> [How to complete this task]
Nothing but the lines from the one containing "Cosy Beige, Blue, Green, Purple" through the one containing "Image of EWlinens", both included, should be given again, each exactly as written below.

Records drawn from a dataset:
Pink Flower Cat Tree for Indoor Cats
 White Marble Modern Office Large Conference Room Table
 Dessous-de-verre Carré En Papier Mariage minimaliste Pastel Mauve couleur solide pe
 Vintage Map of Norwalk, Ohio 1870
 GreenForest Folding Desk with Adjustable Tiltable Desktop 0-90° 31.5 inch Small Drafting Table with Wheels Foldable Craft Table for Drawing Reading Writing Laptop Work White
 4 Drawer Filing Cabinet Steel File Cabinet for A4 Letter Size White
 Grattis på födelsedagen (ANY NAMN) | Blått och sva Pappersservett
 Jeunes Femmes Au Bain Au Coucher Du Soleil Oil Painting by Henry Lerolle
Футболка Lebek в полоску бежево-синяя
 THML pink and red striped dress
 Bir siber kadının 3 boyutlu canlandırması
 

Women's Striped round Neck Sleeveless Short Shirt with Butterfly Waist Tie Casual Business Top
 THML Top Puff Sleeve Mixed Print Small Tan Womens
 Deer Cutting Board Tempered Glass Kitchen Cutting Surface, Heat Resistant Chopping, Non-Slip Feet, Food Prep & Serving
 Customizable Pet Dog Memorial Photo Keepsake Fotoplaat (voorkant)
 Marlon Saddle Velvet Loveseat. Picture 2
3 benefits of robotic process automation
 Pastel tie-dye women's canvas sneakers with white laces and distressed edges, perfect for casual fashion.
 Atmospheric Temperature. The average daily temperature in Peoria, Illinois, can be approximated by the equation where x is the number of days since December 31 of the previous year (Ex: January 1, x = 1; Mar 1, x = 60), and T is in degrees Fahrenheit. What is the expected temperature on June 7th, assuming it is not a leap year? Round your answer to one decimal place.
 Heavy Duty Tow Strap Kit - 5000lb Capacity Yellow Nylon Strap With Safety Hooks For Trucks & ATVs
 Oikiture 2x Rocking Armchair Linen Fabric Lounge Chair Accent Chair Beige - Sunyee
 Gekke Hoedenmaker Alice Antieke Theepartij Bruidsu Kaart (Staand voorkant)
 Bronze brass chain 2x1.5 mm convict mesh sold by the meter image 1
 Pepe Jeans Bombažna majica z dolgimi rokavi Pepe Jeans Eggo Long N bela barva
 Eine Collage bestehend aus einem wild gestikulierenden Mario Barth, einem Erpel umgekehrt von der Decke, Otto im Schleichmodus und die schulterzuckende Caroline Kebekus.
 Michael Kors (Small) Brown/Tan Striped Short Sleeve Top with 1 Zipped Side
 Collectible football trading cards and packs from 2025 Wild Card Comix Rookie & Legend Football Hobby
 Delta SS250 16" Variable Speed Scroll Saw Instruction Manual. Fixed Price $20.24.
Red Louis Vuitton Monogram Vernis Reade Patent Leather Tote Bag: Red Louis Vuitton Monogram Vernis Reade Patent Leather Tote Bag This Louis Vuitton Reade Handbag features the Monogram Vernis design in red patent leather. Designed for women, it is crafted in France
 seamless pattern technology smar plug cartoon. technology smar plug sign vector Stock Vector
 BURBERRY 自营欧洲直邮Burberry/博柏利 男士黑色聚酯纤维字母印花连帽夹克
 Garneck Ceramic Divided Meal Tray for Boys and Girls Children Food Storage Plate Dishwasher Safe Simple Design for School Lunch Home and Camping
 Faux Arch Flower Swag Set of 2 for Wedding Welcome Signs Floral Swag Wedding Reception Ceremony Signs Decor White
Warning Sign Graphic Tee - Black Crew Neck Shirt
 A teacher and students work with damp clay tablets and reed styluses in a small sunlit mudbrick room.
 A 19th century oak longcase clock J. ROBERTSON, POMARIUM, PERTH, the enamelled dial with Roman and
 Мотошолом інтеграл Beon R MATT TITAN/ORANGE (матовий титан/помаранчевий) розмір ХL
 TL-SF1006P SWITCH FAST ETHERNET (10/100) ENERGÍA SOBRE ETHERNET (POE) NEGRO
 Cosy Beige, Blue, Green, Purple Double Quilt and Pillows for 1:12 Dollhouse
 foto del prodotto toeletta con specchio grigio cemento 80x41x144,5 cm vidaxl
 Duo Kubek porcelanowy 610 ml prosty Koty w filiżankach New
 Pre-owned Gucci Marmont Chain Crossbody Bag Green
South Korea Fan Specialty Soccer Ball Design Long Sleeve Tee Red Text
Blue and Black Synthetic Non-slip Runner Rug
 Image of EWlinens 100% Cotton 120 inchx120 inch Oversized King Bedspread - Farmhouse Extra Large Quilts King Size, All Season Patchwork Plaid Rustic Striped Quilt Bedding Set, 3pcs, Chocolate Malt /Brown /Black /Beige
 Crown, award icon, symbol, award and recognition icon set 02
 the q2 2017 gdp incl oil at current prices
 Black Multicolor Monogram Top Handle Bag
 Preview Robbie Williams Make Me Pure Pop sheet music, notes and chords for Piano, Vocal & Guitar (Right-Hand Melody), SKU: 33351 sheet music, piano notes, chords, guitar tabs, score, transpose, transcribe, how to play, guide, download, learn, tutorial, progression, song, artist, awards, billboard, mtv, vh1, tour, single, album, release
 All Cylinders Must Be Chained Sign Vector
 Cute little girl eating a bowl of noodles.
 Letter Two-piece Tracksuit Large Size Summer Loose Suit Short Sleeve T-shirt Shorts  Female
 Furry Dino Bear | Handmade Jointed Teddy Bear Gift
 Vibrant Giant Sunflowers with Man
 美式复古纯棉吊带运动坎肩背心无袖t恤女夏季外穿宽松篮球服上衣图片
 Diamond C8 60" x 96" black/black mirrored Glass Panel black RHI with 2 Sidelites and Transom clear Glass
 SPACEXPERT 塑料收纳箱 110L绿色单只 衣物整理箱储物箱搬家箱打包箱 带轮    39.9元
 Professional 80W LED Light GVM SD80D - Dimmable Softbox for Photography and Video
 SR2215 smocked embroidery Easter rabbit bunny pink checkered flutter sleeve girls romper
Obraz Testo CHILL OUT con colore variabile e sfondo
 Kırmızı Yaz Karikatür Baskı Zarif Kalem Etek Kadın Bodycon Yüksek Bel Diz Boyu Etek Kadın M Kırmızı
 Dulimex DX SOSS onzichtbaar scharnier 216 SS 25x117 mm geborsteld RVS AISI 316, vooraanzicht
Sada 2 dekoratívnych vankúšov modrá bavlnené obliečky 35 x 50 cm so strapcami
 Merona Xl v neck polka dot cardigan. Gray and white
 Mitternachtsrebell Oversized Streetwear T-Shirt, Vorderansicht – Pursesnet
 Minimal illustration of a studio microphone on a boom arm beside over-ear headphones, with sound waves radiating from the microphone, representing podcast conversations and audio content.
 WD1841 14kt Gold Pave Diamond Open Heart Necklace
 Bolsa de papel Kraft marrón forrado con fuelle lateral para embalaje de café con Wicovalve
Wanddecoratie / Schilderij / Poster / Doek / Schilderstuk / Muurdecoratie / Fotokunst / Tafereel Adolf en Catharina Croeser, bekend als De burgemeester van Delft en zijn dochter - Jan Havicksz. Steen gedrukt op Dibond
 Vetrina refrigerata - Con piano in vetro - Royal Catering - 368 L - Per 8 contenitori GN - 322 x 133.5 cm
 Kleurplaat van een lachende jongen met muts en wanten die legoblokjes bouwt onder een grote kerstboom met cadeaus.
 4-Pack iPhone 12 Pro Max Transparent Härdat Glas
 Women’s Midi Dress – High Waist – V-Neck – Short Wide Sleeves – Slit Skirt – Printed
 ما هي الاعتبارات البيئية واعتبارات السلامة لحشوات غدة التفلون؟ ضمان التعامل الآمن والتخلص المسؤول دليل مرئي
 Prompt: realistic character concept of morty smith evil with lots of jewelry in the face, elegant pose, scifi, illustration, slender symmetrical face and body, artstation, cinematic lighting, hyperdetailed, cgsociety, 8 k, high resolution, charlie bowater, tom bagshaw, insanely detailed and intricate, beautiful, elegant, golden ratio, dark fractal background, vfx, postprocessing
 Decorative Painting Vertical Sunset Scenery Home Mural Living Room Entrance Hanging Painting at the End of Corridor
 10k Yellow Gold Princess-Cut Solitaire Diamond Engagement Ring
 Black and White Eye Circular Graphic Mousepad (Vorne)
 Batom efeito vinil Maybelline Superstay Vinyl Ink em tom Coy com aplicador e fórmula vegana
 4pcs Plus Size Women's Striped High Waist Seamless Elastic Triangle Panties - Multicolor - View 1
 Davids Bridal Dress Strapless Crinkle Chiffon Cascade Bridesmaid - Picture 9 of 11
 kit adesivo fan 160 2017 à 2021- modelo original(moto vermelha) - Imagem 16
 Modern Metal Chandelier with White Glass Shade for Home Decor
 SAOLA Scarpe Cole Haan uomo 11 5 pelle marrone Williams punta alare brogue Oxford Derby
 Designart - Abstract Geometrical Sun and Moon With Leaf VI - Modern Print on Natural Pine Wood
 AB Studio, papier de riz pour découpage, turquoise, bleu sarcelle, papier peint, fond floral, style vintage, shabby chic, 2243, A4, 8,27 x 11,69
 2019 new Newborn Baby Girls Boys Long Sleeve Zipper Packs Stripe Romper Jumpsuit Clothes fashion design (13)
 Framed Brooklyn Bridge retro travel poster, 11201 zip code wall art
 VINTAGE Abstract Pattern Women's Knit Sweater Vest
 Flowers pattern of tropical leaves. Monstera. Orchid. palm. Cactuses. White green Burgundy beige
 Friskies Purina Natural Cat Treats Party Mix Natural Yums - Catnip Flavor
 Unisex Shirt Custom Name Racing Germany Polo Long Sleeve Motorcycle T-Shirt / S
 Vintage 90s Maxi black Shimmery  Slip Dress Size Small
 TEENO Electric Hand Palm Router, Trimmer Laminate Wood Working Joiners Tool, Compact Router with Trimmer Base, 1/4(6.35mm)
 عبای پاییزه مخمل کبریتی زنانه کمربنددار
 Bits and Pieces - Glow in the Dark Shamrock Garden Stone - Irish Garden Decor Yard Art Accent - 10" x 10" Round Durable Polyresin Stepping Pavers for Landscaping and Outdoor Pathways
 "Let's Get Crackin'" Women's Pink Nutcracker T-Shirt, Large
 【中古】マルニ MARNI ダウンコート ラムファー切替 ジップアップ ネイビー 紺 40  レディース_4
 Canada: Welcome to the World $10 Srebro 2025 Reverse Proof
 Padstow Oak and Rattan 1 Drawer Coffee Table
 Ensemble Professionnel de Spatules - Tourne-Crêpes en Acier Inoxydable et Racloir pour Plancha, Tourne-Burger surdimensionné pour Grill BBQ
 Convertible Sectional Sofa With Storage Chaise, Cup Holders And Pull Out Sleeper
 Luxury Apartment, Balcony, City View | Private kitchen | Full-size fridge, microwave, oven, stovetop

> [Task result]
 Cosy Beige, Blue, Green, Purple Double Quilt and Pillows for 1:12 Dollhouse
 foto del prodotto toeletta con specchio grigio cemento 80x41x144,5 cm vidaxl
 Duo Kubek porcelanowy 610 ml prosty Koty w filiżankach New
 Pre-owned Gucci Marmont Chain Crossbody Bag Green
South Korea Fan Specialty Soccer Ball Design Long Sleeve Tee Red Text
Blue and Black Synthetic Non-slip Runner Rug
 Image of EWlinens 100% Cotton 120 inchx120 inch Oversized King Bedspread - Farmhouse Extra Large Quilts King Size, All Season Patchwork Plaid Rustic Striped Quilt Bedding Set, 3pcs, Chocolate Malt /Brown /Black /Beige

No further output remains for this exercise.